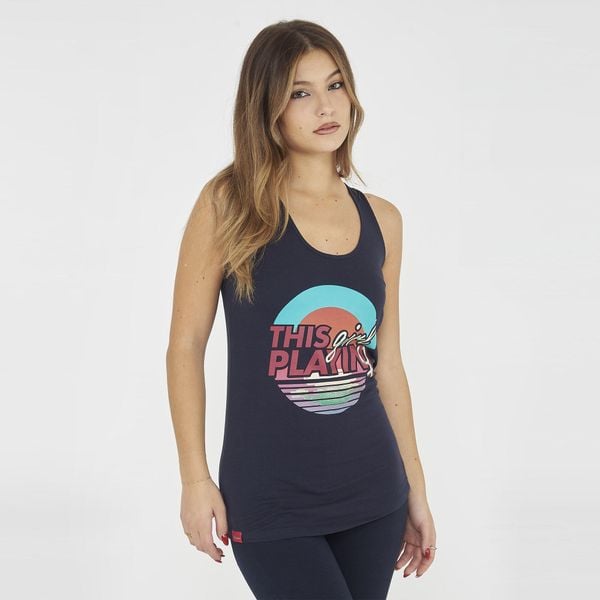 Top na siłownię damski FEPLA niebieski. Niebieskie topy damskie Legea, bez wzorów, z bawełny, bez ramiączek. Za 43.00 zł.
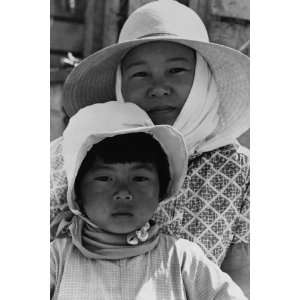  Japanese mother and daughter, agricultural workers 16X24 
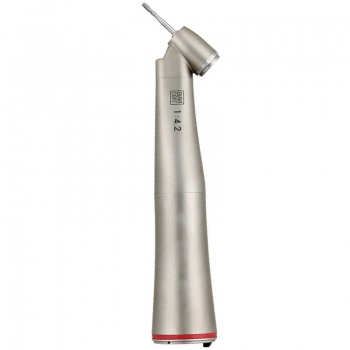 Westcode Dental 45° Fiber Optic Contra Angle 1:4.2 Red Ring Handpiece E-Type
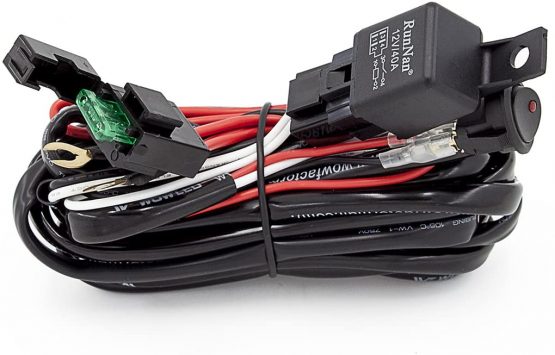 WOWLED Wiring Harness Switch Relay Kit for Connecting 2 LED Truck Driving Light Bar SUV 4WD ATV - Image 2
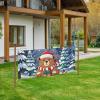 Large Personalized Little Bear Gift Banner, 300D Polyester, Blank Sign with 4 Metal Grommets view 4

+---+

# [PROBLEM DESCRIPTION]
Copy the data precisely. Skip every picture.

# [SOLUTION TO THIS EXERCISE]
 Top na siłownię damski FEPLA niebieski. Niebieskie topy damskie Legea, bez wzorów, z bawełny, bez ramiączek. Za 43.00 zł.
  Japanese mother and daughter, agricultural workers 16X24 
 Westcode Dental 45° Fiber Optic Contra Angle 1:4.2 Red Ring Handpiece E-Type
 WOWLED Wiring Harness Switch Relay Kit for Connecting 2 LED Truck Driving Light Bar SUV 4WD ATV - Image 2
 Large Personalized Little Bear Gift Banner, 300D Polyester, Blank Sign with 4 Metal Grommets view 4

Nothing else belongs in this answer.